TBSのドラマ「半沢直樹」が好調だ。もちろん現実には半沢のような銀行員はいないし、あのような下克上が許される組織でもない。だが、「もしも半沢が銀行にいたら」と考えることは、将来の銀行の在り方を考える上で、さまざまなヒントを与えてくれる。(経済評論家・楽天証券経済研究所客員研究員 山崎 元)

期待以上に面白く
楽しめるドラマ

 TBSのドラマ「半沢直樹」(日曜日放送・午後9時~)のシーズン2が好調だ。少なくとも筆者には、期待以上に面白い。

 テンポの良いストーリー展開と、良い意味で実写の漫画のような分かりやすさが大いに楽しめる。何よりも、俳優さんたちの演技が素晴らしい。

 特に、大和田取締役を演じる香川照之さんが前作で作った、あたかも歌舞伎の悪役のような「型」が、今回のシーズン2の悪役たちにも引き継がれていることが素晴らしい。

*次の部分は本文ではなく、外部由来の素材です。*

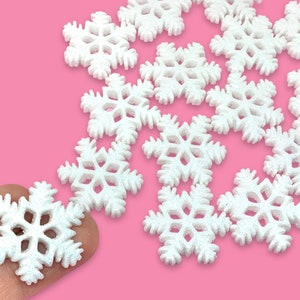 May include: A scattering of white glitter snowflake ornaments on a pink background. The snowflakes are all the same size and shape, and they are arranged in a random pattern.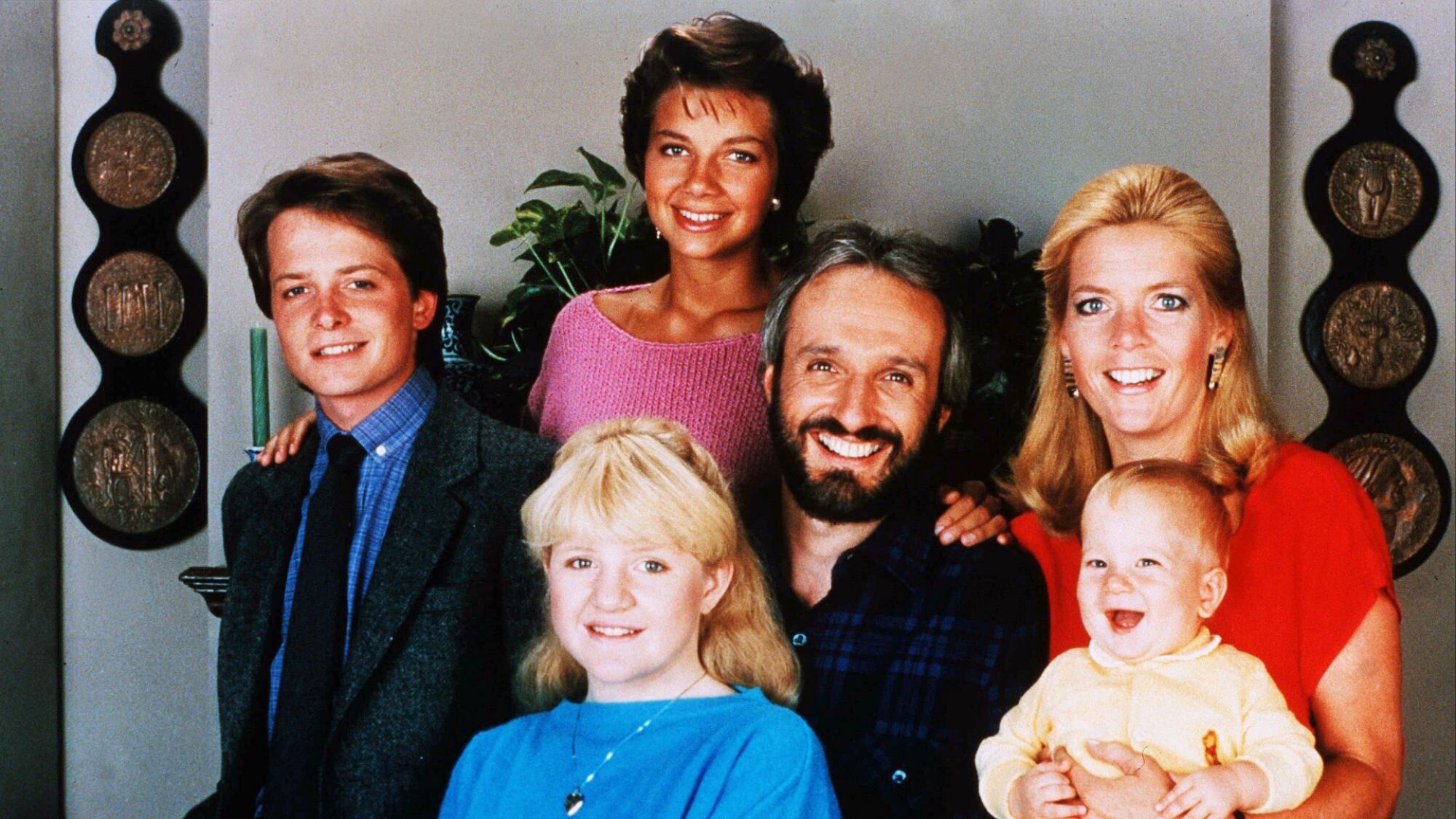 Michael J. Fox, Justine Bateman, Michael Gross, Meredith Baxter Birney, and Tina Yothers in "Family Ties"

 これまで、歌舞伎出身の役者さんがテレビ・ドラマに出ると(NHKの大河ドラマが典型的だ)、表情が大げさで、怒鳴るか、泣くか、ツバを飛ばすか、馬鹿笑いするかといった、舞台では映えるかもしれないが、テレビの大映しでは見るのがつらい、「普通の人間はこうではないよ」と言いたくなる演技が多かった。

 しかし、香川さんは、あえて「型」だと分かる形で役を演じることでリアルな人間の嫌みをなくしつつ、視聴者が感情移入できる、新しいスタイルの表現を作った。筆者は、毎回感心しながらドラマを見ている。